▶ **PROVIDED DATA**:
*** Begin section ***
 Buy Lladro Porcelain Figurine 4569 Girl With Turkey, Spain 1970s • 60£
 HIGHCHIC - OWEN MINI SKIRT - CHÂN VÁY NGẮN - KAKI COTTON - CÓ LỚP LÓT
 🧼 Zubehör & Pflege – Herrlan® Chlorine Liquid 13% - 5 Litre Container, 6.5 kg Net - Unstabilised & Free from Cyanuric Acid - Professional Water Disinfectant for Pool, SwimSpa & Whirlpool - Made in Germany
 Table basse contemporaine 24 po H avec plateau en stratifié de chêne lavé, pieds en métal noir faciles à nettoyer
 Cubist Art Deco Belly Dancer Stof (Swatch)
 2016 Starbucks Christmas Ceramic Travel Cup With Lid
*** End section ***
*** Begin section ***
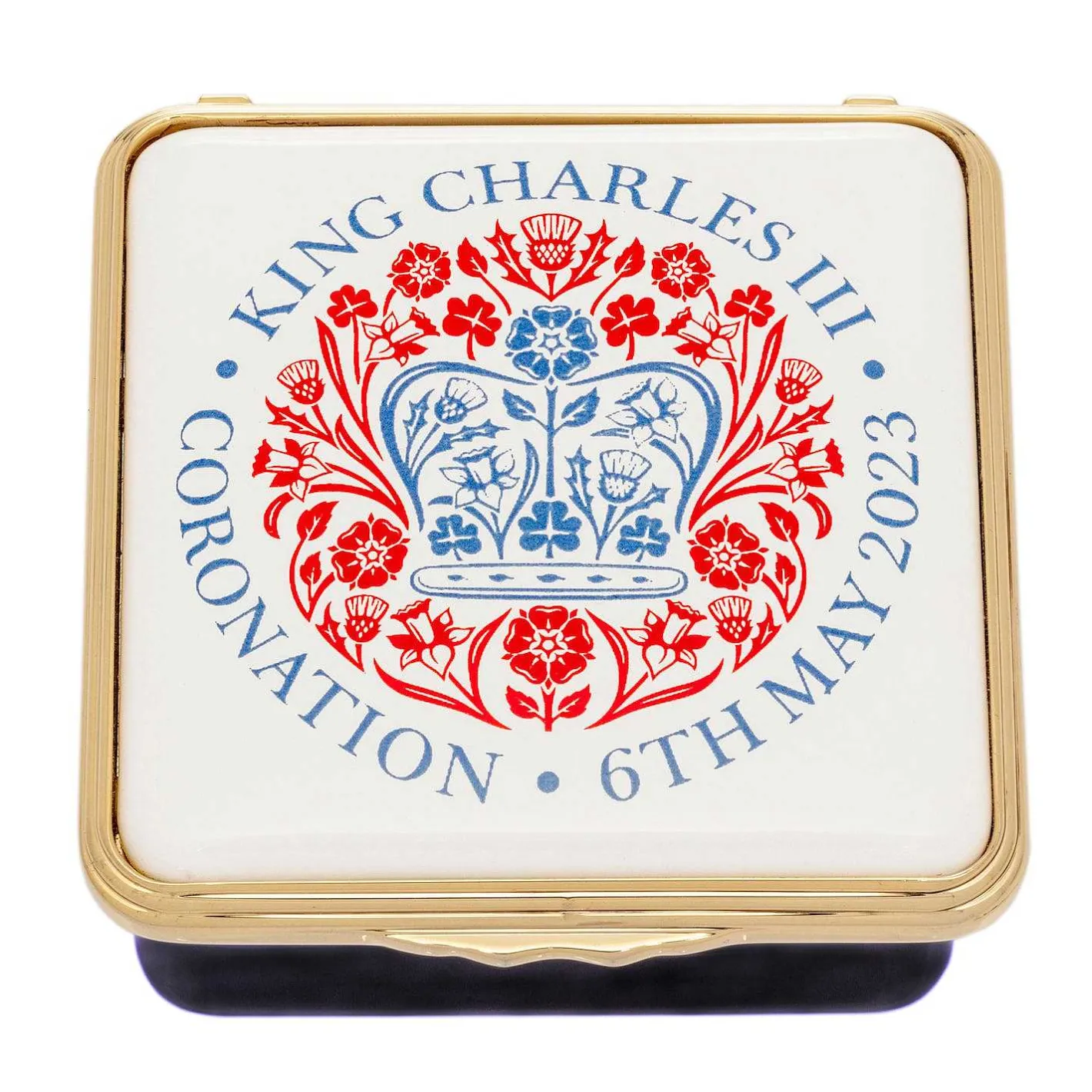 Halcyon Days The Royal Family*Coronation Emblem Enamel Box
*** End section ***
*** Begin section ***
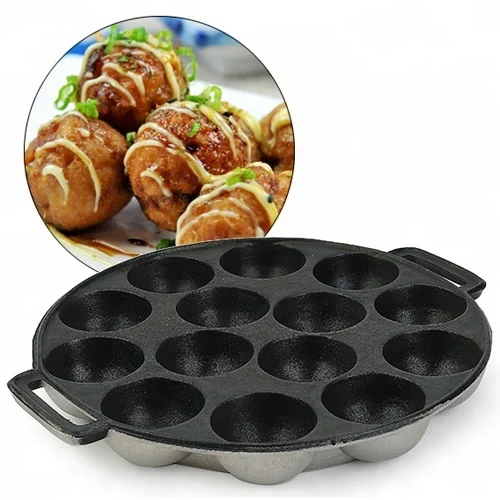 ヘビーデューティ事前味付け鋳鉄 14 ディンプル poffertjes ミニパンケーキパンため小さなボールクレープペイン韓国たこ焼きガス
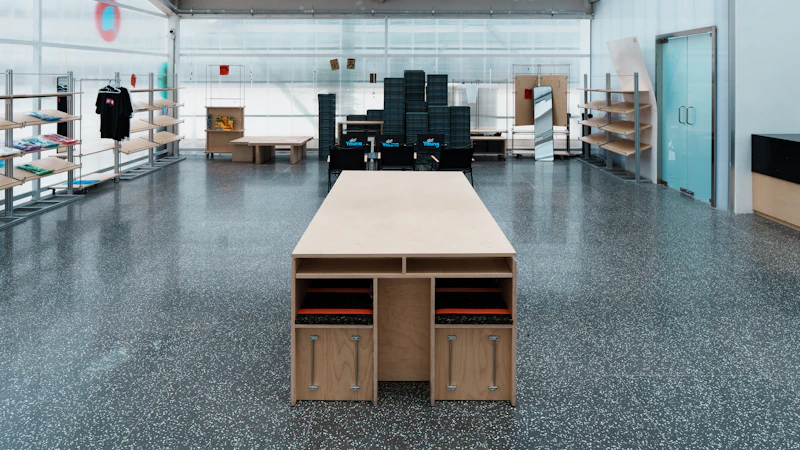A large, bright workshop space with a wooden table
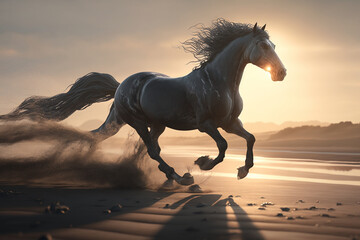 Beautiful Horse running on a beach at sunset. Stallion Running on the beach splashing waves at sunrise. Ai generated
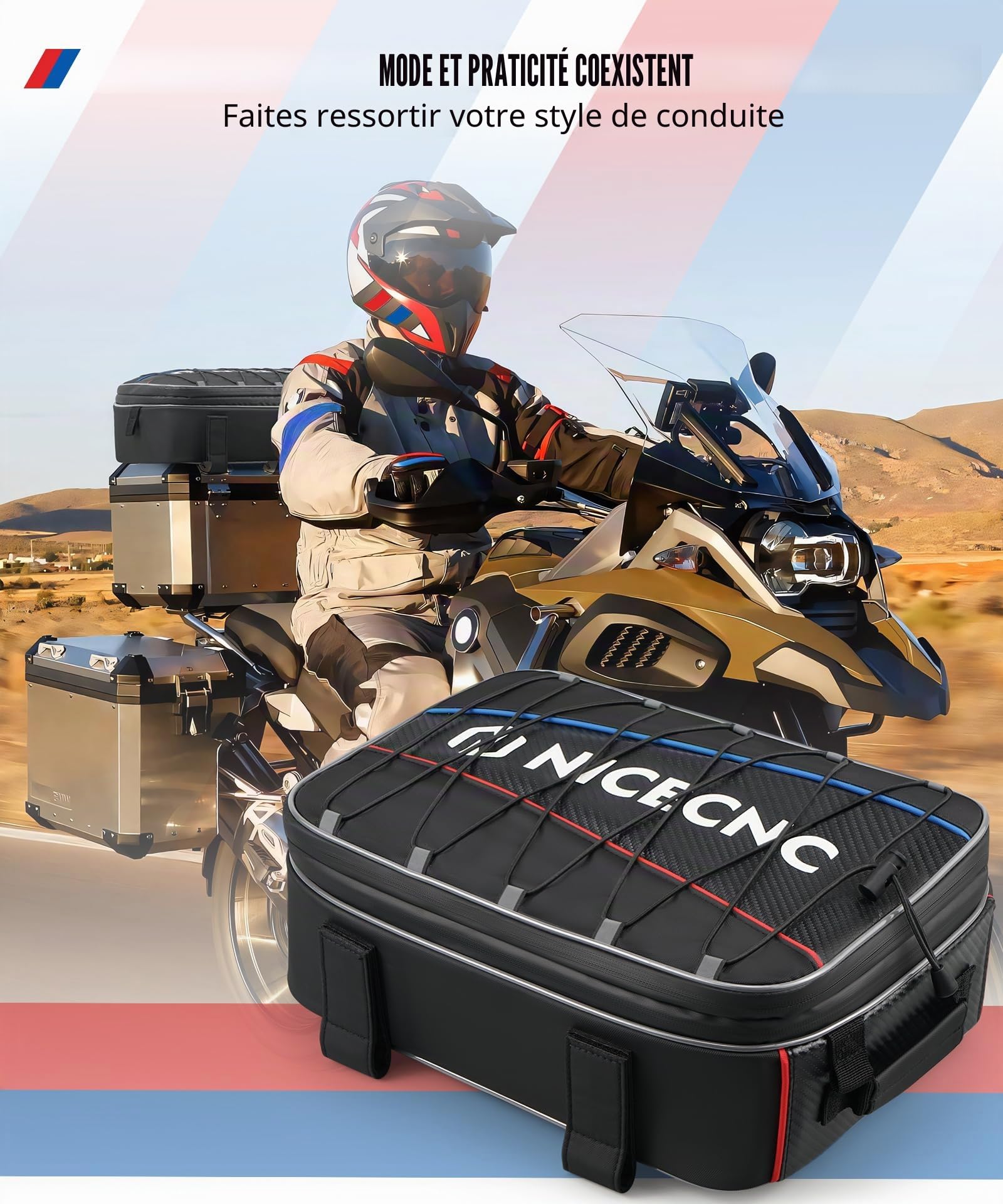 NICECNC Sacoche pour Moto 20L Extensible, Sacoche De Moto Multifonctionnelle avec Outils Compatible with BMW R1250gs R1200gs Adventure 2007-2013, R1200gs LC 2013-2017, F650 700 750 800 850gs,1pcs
*** End section ***
▶ **REQUIREMENT**:
With the line holding "Table basse contemporaine" as the first and the line holding "2016 Starbucks Christmas" as the last, set down that range of the entries above exactly, and nothing else.

▶ **SOLUTION FOR THIS EXERCISE**:
 Table basse contemporaine 24 po H avec plateau en stratifié de chêne lavé, pieds en métal noir faciles à nettoyer
 Cubist Art Deco Belly Dancer Stof (Swatch)
 2016 Starbucks Christmas Ceramic Travel Cup With Lid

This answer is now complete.